Hilton's still shows it near the Ram Powell as well.


----------



## Deeplines (Sep 28, 2007)

Let me check. Our boat went a couple of weeks ago. We are heading to mc 650 tonight on a run to blind faith.
Last track had it sw OF potronius.


----------



## Scout800 (Mar 22, 2010)

According to Vesslfinder

28.41417 N / 88.132 W on Oct 17, 2016 at 18:20 UTC.


West of Bully


----------



## Deeplines (Sep 28, 2007)

Scout800 said:


> According to Vesslfinder
> 
> 28.41417 N / 88.132 W on Oct 17, 2016 at 18:20 UTC.
> 
> ...



It is confirmed. I have it on our radar and AIS. 

28º 24.8'N 088º 08.0W

I don't know where the Bully is but it is located NE of Blind Faith and SE of Nakika. It appears they are in MC 608 (MC 565 is right above it). 
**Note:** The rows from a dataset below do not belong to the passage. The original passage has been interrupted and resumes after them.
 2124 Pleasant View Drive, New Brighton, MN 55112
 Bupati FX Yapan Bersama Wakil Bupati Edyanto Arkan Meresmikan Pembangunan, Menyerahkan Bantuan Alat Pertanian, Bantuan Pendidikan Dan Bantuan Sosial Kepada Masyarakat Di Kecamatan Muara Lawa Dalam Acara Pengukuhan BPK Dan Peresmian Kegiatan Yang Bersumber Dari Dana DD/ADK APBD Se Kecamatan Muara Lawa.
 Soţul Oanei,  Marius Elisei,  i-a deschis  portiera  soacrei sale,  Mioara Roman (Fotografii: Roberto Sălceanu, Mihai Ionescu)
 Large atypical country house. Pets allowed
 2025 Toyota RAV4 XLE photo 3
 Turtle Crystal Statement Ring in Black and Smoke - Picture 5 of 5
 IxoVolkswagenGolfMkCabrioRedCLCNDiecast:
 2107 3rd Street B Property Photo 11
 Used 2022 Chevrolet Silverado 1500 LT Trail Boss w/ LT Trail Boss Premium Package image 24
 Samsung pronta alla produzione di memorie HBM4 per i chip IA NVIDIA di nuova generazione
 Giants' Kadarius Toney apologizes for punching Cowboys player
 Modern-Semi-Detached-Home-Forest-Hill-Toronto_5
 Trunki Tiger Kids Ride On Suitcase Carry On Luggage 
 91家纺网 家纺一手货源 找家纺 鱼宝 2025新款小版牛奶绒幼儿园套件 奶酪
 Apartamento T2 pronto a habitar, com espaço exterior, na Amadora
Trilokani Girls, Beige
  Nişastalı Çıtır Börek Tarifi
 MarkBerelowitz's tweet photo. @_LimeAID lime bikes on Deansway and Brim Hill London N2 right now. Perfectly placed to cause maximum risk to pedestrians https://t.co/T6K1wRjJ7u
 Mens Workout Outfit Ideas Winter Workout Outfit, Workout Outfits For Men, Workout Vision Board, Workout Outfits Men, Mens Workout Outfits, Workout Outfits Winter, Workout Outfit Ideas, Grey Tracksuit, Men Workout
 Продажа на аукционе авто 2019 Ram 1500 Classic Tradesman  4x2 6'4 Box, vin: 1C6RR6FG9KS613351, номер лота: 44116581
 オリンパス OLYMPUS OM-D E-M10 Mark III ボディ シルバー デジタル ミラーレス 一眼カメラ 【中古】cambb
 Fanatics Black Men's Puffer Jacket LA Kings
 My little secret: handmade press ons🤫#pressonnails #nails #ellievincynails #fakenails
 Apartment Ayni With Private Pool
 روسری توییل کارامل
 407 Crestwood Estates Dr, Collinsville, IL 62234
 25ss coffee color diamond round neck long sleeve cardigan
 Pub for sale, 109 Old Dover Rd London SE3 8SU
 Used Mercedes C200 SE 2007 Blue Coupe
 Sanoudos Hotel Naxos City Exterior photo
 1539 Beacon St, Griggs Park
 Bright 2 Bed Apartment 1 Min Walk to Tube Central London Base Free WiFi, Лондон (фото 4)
Seas at 0500 are SE 2-3' Winds SSE @12

Good Luck. Plenty of rigs visually from here.


----------



## Lady J (Jul 14, 2013)

Deep Lines.....Thx for the reel time Intel on the location of the West Neptune. Nothing beats a set of eyes on radar out in the area. Just wasn't 100% confident on what vessel finder was telling me, but it appears to be accurate. The area that she has moved to is a bit of a stretch for my boat so we will fish the Deepwater Proteus tonite. Tight lines..:thumbup:


----------



## Lady J (Jul 14, 2013)

Left out of Ft Morgan Tues nite headed for Proteus. Visually confirmed that West Neptune was gone. 😢 Continued to Proteus in a SE wind and building swells. Arrived to the Proteus about 0130 and had the ship to ourselves. We chunked with mackerel and BFT and limited out on YFT by 0600. They were all schoolie sized but had a blast. 

Tight lines...


----------



## Deeplines (Sep 28, 2007)

Thanks for the report. Small ones is all I saw at the blind faith jumping also. Didn't see any big ones rolling on the top during the full moon and up to 2 days after. 
Was only at blind faith that day then headed to the Tahiti.


----------